In the above, we can see the epochs progressing (downward) and the images improving from noise to recognizable digits.

As a last step, let's load this network back into memory and generate a few fake images for visualization. As you'll see, this network does "OK" but not amazingly well. In the next post, we'll see a deep convolutional network that does better at generating images.

In [28]:
tf.reset_default_graph()
with tf.device(default_device):
    g = tf.Graph()
    with g.as_default():
        sess = tf.InteractiveSession()
        latest_checkpoint = tf.train.latest_checkpoint(LOGDIR+"/checkpoints/")
        print "Restoring model from {}".format(latest_checkpoint)
        
        noise_tensor = tf.placeholder(tf.float32, [BATCH_SIZE, RANDOM_INPUT_DIMENSIONALITY], name="noise")

        fake_noise = tf.placeholder(tf.float32, [BATCH_SIZE, 28*28], name="fake_noise")

        fake_images = build_generator(noise_tensor) + fake_noise
        
        
        saver = tf.train.Saver()
        saver.restore(sess, latest_checkpoint)

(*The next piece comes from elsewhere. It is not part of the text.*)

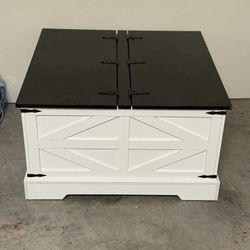 Farmhouse Coffee Table With Storage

        # We only need to make fake data and run it through the 'fake_images' tensor to see the output:
        
        fake_input = numpy.random.normal(loc=0, scale=1, size=(BATCH_SIZE, RANDOM_INPUT_DIMENSIONALITY))
        fake_noise_addition = numpy.zeros((BATCH_SIZE, 28*28))
        [generated_images] = sess.run(
                [fake_images], 
                feed_dict = {noise_tensor : fake_input,
                             fake_noise : fake_noise_addition})
Restoring model from ./mnist_gan_logs/lr_0.0002_include_noise_True_batchsize_50/checkpoints/save-240000
INFO:tensorflow:Restoring parameters from ./mnist_gan_logs/lr_0.0002_include_noise_True_batchsize_50/checkpoints/save-240000

Reshape to make it easier to draw:

In [29]:
generated_images = numpy.reshape(generated_images, (-1, 28, 28))
In [30]:
# Tile together lots of digits to see how the network is doing:
final_image = numpy.zeros((280, 280))
for i in range(10):
    for j in range(10):
        index = numpy.random.randint(BATCH_SIZE)
        final_image[i*28:(i+1)*28, j*28:(j+1)*28] = generated_images[index].reshape(28, 28)
        
fig = plt.figure(figsize=(10,10))
plt.imshow(final_image, cmap="Greys", interpolation="none")
plt.show()

Well ... It's OK. Some of them look like real digits! Others are less convincing. But, this at least demonstrates the basics of generative adversarial networks.